E forse sembrerà da pazzi sprecare l’esistenza a porsi quesiti a cui probabilmente mai riceverò risposta, ma tutto è relativo; lo sa per esperienza il Sole, lui che, minuscolo per l’infinito, è per gli uomini la più grande stella.

Siamo fogli di carta in bilico tra una lama e l’altra di un paio di forbici che continuano incessantemente ad avvicinarsi. Passiamo tutta la nostra vita mantenendo l’equilibrio: perché la carta è fragile, basta una folata di vento e voliamo via; ma è solo un modo per rallentare l’inevitabile. Alla fine le forbici si chiuderanno, tagliandoci a metà e farà male. Un foglio strappato non torna come prima, un brandello di carta tagliato non potrà mai più essere forte e resistente come prima. Quindi che senso ha ritardare la nostra fine, se verremo comunque tagliati a metà?

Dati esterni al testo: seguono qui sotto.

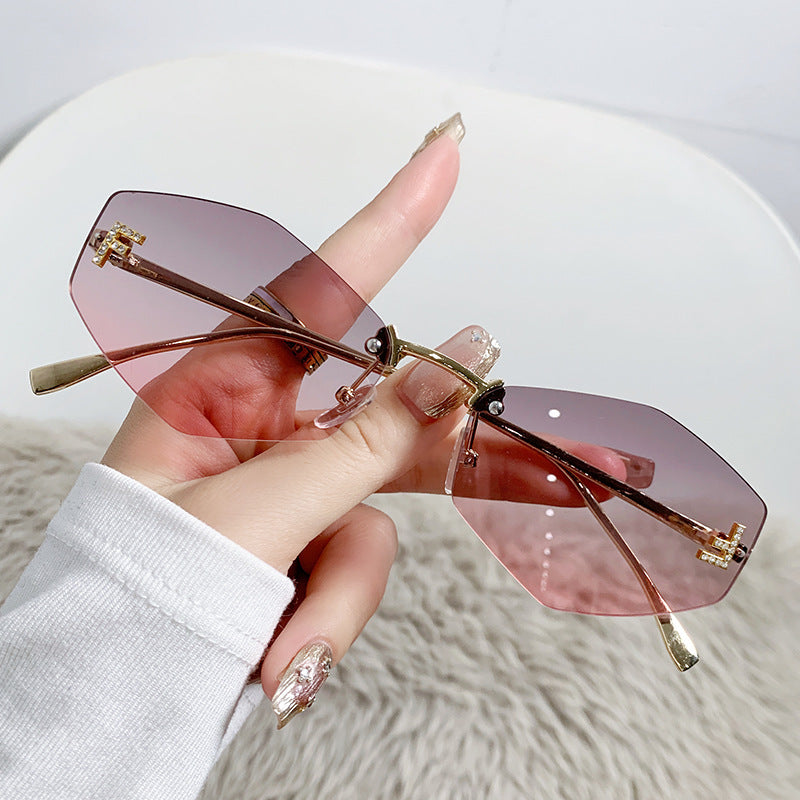 Damen Designer-Sonnenbrille mit innovativem sechseckigem Rahmen Karnz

Eppure le mie sono solo parole vuote, suoni senza corpo, che echeggiano nel silenzio più totale e che nessuno è mai stato in grado di ascoltare, poiché per farlo bisogna andare oltre l’apparenza di un misero gesto: un taglio sulla carta; per comprendere il mio effimero ideale si devono infrangere stereotipi ed essere pronti a scivolare via dalle tenaglie della società. Nessuno, dunque, vuole perdere la sicurezza della quotidianità, rinunciare alla normalità, per inseguire il barlume di follia che, come fosse una lucciola, vaga in una cupa e minacciosa notte di tempesta. E’ più facile chiudere gli occhi, negare, nonostante questo sia il modo più immediato per cadere nell’oblio.

Le mie forbici danzano vorticosamente e sfilacciano la carta, le lame curvano, giocando con il foglio e il freddo metallo sì diverte ad accarezzare la liscia superficie bianca; la mia mano segue l’andamento dell’oggetto e il suo folle desiderio di completare l’opera fatale. Tutto ciò che mi resta sono le mie sagome, specchio della società odierna. Decine e decine di uomini senza volto, privi di espressione, soffocati dalla maschera bianca che costantemente indossano, uguali ed identici ad altri, forgiati dallo stesso paio di forbici.

E prigioniero della mia pazzia, incompreso da tutto e tutti, continuo a cercare di dar voce ai miei pensieri mediante questi futili fogli di carta e queste lame impregnate del peccato che a suo tempo mi colpì: la follia. Schiavo del silenzio, persisto nel ritagliare sagome, poiché alla fine non resta nulla, se non il nulla che ci è intorno.